> SOURCE INFORMATION
----------

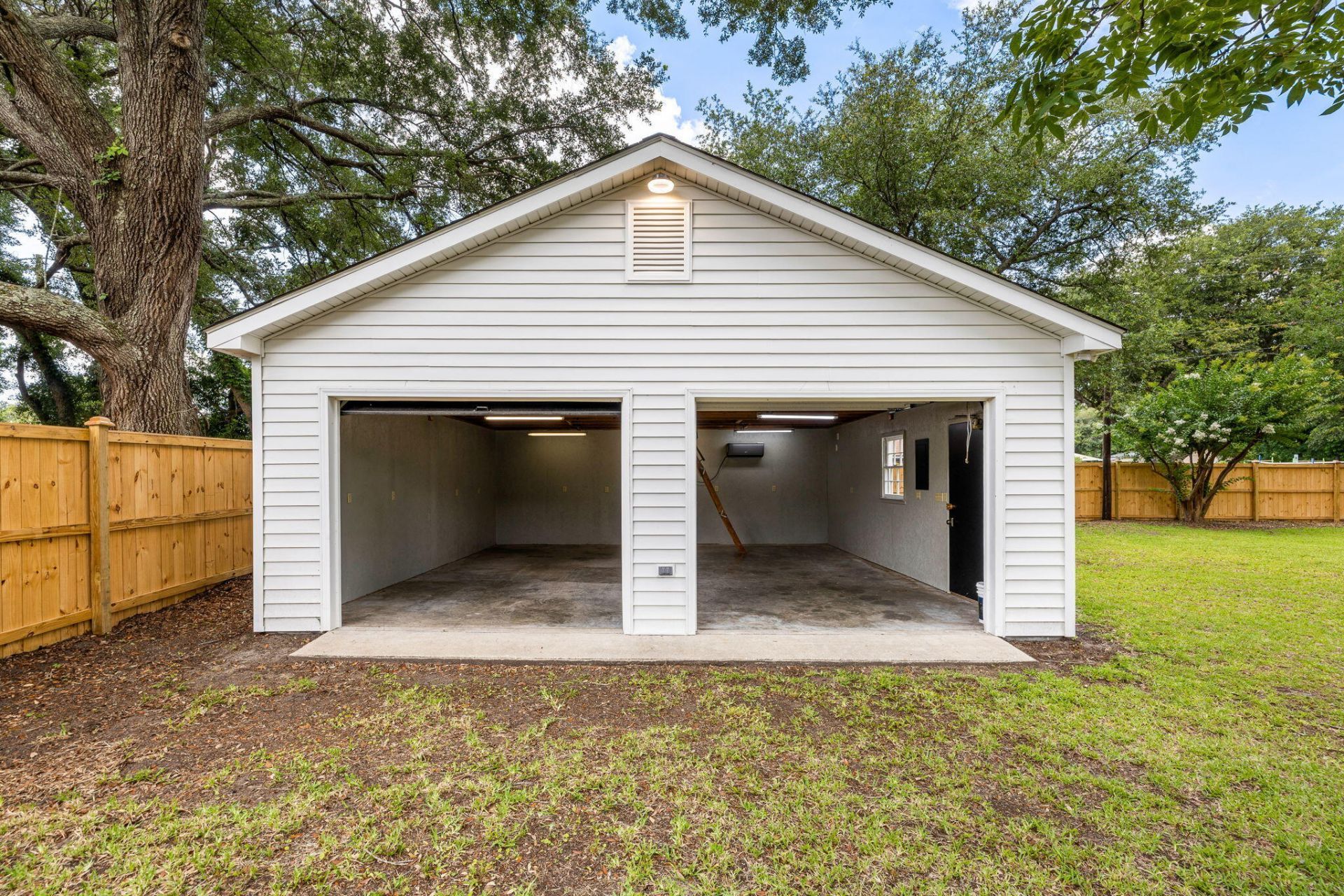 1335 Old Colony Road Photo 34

----------

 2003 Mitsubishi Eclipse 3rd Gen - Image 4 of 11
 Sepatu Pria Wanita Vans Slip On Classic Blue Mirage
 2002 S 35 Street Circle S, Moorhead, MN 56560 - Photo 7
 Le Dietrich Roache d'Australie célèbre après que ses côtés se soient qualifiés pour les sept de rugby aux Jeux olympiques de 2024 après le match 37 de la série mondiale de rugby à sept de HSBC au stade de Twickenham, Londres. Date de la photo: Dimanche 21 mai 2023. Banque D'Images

----------

> PROBLEM TO WORK ON
Of the entries above, transcribe exactly those lines that fall between the line containing "Sepatu Pria Wanita" and the line containing "2002 S 35 Street", together with those two lines.

> EXERCISE RESULT
 Sepatu Pria Wanita Vans Slip On Classic Blue Mirage
 2002 S 35 Street Circle S, Moorhead, MN 56560 - Photo 7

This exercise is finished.